__WHAT YOU WILL DO__:
Look below for the line that has "ชีวิตพลิกผันของลอร์ดผู้เกียจคร้าน ตอนที่ 58". Set down the lines from there through the line that has "2024-25 UD Tim", exactly as written.

__STORED DATA__:

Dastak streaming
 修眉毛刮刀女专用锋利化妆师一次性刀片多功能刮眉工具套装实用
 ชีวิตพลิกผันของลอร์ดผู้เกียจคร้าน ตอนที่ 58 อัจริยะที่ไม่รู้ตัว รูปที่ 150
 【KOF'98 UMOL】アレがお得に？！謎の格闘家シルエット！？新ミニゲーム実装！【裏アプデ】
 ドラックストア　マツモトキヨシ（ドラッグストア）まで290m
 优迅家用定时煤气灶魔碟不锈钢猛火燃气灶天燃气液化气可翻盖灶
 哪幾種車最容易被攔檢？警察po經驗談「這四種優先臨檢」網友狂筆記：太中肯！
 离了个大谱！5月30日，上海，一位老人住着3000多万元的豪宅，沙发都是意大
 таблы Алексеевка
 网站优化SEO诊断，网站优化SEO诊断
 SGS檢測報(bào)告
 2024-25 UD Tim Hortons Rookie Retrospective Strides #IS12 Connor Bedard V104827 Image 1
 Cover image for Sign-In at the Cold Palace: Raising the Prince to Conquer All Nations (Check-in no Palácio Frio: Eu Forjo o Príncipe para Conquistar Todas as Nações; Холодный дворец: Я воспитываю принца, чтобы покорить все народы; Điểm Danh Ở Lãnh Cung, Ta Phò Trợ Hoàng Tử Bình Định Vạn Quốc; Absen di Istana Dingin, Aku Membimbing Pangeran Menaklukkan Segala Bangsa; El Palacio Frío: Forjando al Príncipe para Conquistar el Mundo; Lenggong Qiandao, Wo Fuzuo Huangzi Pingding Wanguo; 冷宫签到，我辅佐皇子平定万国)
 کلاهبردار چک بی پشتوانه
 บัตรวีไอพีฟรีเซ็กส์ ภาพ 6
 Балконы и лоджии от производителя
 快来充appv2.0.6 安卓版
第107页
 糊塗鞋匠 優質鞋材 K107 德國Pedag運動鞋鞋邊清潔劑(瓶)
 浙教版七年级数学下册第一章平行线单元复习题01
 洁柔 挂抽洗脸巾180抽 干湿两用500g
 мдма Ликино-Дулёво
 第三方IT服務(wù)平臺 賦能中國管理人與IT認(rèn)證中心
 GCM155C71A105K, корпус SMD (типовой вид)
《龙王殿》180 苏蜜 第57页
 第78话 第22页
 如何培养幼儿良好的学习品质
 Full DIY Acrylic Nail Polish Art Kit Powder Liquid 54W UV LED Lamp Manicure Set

__ANSWER AREA__:
 ชีวิตพลิกผันของลอร์ดผู้เกียจคร้าน ตอนที่ 58 อัจริยะที่ไม่รู้ตัว รูปที่ 150
 【KOF'98 UMOL】アレがお得に？！謎の格闘家シルエット！？新ミニゲーム実装！【裏アプデ】
 ドラックストア　マツモトキヨシ（ドラッグストア）まで290m
 优迅家用定时煤气灶魔碟不锈钢猛火燃气灶天燃气液化气可翻盖灶
 哪幾種車最容易被攔檢？警察po經驗談「這四種優先臨檢」網友狂筆記：太中肯！
 离了个大谱！5月30日，上海，一位老人住着3000多万元的豪宅，沙发都是意大
 таблы Алексеевка
 网站优化SEO诊断，网站优化SEO诊断
 SGS檢測報(bào)告
 2024-25 UD Tim Hortons Rookie Retrospective Strides #IS12 Connor Bedard V104827 Image 1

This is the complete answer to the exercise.